Required action ->
Everything from the line with "1563 NW 94th" to the last line of the listing must be retyped exactly, both ends included, with the pictures dropped.

::::::::

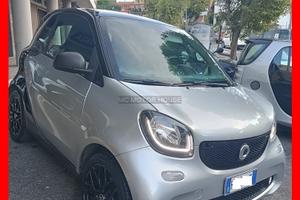 SMART FORTWO TURBO BENZINA AUTOM*NEOPATENTATI*RATE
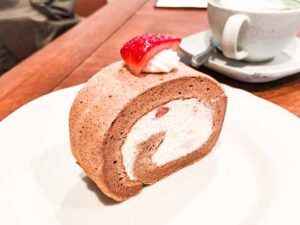 浦和カフェ『オルタ』の“とちおとめ”のロールケーキ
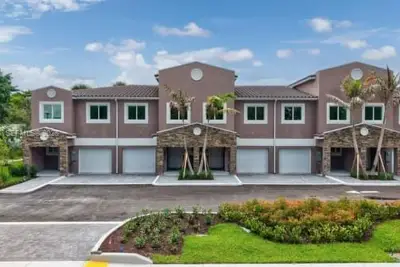 1563 NW 94th Way #09, Coral Springs: photo 1 of 42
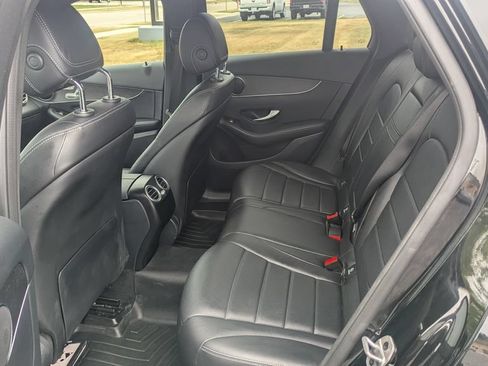 Used 2022 Mercedes-Benz GLC 300 4MATIC image 11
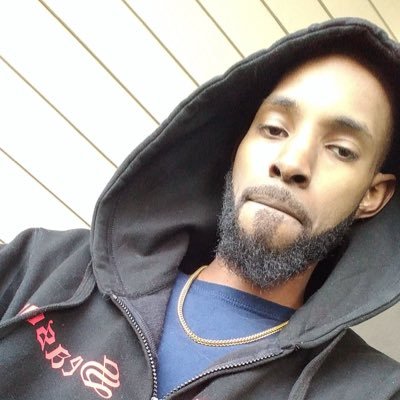 ComingFromVon's profile picture. Musician | Digital Marketing Manager | Game Product Designer Music-powered affiliates. 🎶🔗⬇️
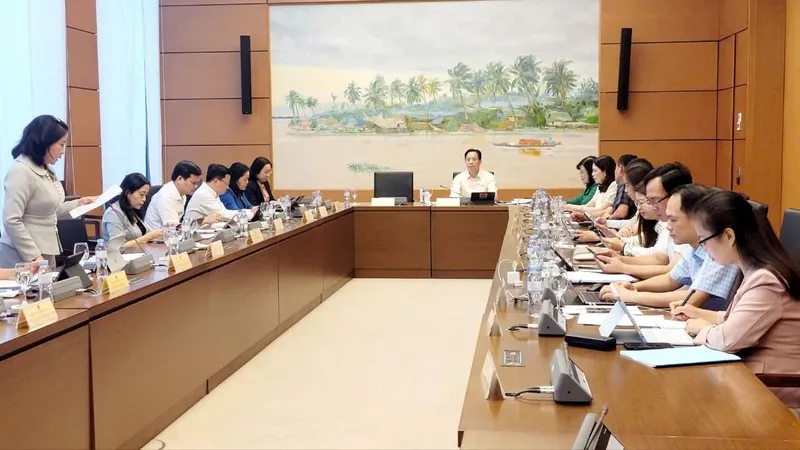 Các đại biểu thảo luận tại tổ. Ảnh: PHAN THẢO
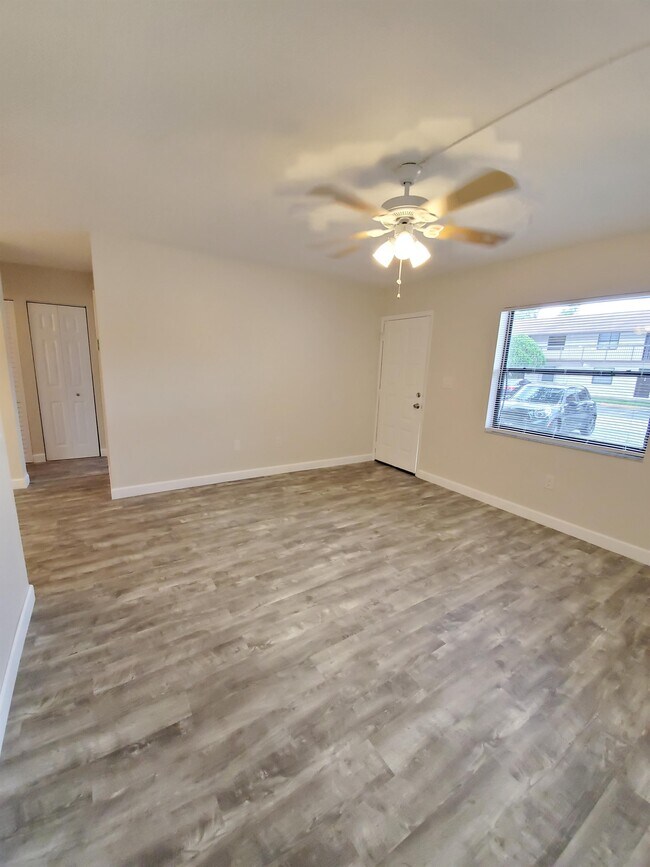 Building Photo - 6040 Shaker Wood Cir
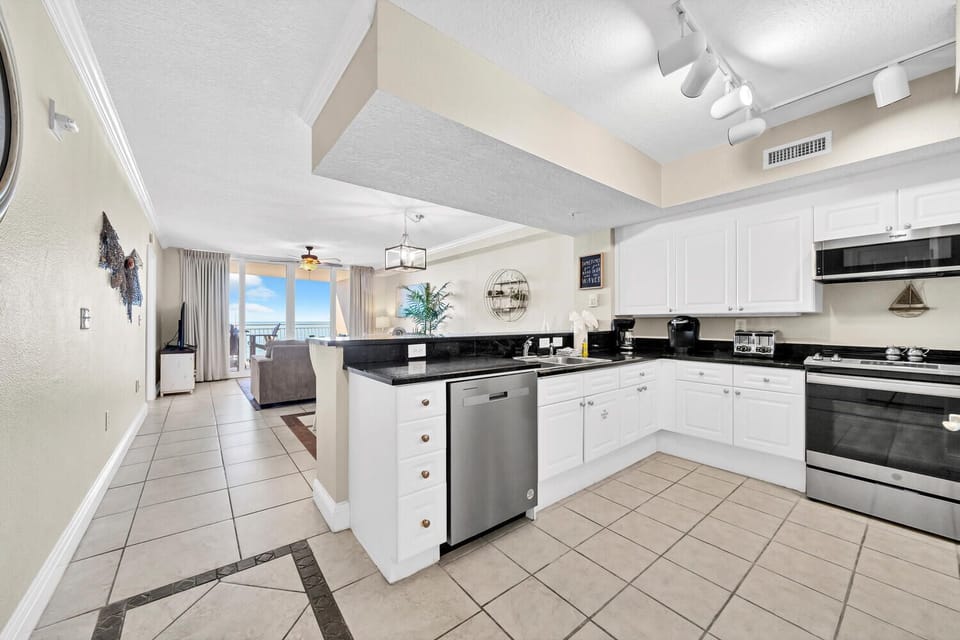 Kitchen to living room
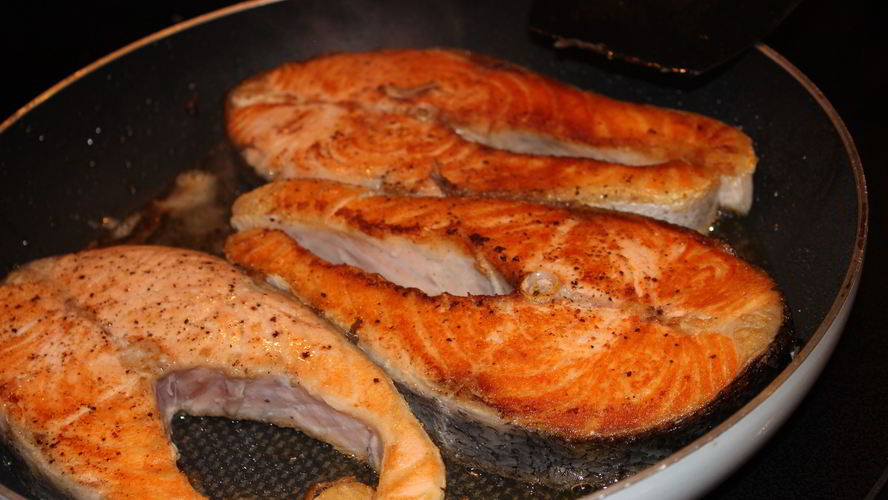 Рецепт жареных стейков из лосося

::::::::

Response to the exercise ->
 1563 NW 94th Way #09, Coral Springs: photo 1 of 42
 Used 2022 Mercedes-Benz GLC 300 4MATIC image 11
 ComingFromVon's profile picture. Musician | Digital Marketing Manager | Game Product Designer Music-powered affiliates. 🎶🔗⬇️
 Các đại biểu thảo luận tại tổ. Ảnh: PHAN THẢO
 Building Photo - 6040 Shaker Wood Cir
 Kitchen to living room
 Рецепт жареных стейков из лосося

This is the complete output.